= John Sheardown =

Canadian diplomat known for the Canadian Caper

John Vernon Sheardown (October 11, 1924 – December 30, 2012) was a Canadian diplomat who played a leading role in the "Canadian Caper". He and his wife Zena personally sheltered Americans hiding in Iran during the Iran hostage crisis.

==Early life==
Sheardown was born on October 11, 1924, in Sandwich, Ontario (now Windsor, Ontario).

At the age of 18, he enlisted in the Royal Canadian Air Force and piloted an Avro Lancaster heavy bomber in World War II, surviving having to bail out over England returning from a mission. He remained in the military after the war and also served in Korea.

He later worked for the Canadian immigration service, beginning around 1962, then in the foreign service for 27 years, retiring in 1989.

==Canadian Caper==
On November 4, 1979, the Iran hostage crisis began; 52 American diplomats and civilians were taken hostage by Iranians in Tehran. At the time, Sheardown was the chief immigration officer, the second-ranking official at the Canadian Embassy there.

A group of five Americans had escaped capture. After hiding for six days, one of them, Robert Anders, telephoned Sheardown, a friend he had played tennis with, for help. Sheardown immediately contacted his superior, Ambassador Ken Taylor, who apprised the Canadian government. Approval was quickly given. Sheardown and his wife Zena hid three of the Americans (Anders and married couple Cora Amburn-Lijek and Mark Lijek) in their rented 20-room home for 79 days at great personal risk, while Taylor sheltered two others (couple Joseph and Kathleen Stafford). On November 27, Taylor received a call from the Swedish ambassador Kaj Sundberg, asking him to take in American Lee Schatz. Schatz had been staying with a Swedish diplomat, but the Swedish ambassador felt he could better impersonate a Canadian. Taylor agreed, and placed Schatz in the Sheardown residence.
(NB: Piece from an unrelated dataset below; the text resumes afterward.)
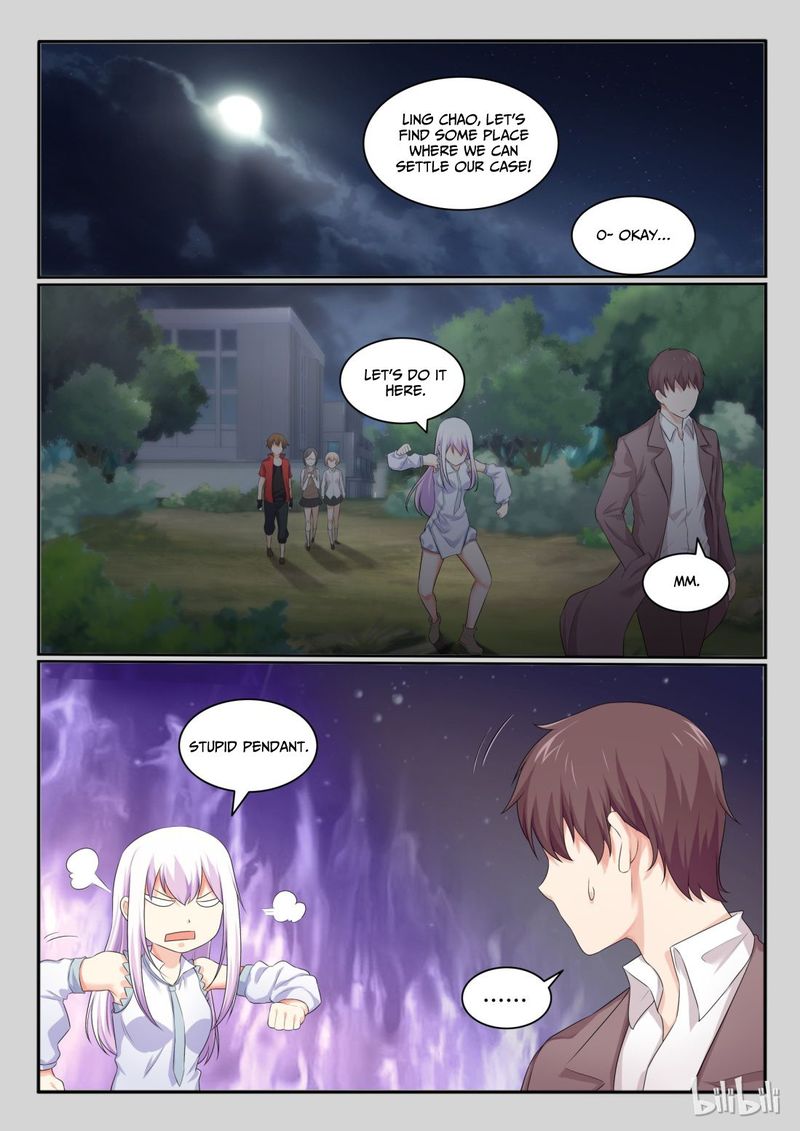 My Wife Is A Fox Spirit 31 4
The Sheardowns left Tehran days before the CIA smuggled the six Americans out of the country under fake Canadian passports on January 27, 1980.

For his part in the Canadian Caper, Sheardown was made a member of the Order of Canada. He lobbied for his wife, ineligible as a British citizen who had never lived in Canada, to be awarded the same honour, which she received in 1981 on an honorary basis through the intervention of Flora MacDonald. (She later became a full member after becoming a Canadian citizen.)

John and Zena Sheardown were portrayed in the 1981 Canadian-American television movie Escape from Iran: The Canadian Caper by Chris Wiggins and Diana Barrington, respectively. After the big-budget Hollywood movie Argo about the Canadian Caper was released in 2012, director Ben Affleck called to personally apologize to the Sheardowns for having to leave them out due to plot and time constraints, stating in a later interview, "It really did break my heart a bit."

==Personal life and death==
Sheardown was married twice. He and his first wife, Kathleen Benson, divorced. He was married to his second wife, Zena Khan, from 1975 until his death in Ottawa on December 30, 2012. He had battled Alzheimer's disease and other ailments. He was also survived by two sons, Robin and John Jr.; daughter Jacqueline; and various grandchildren and great-grandchildren.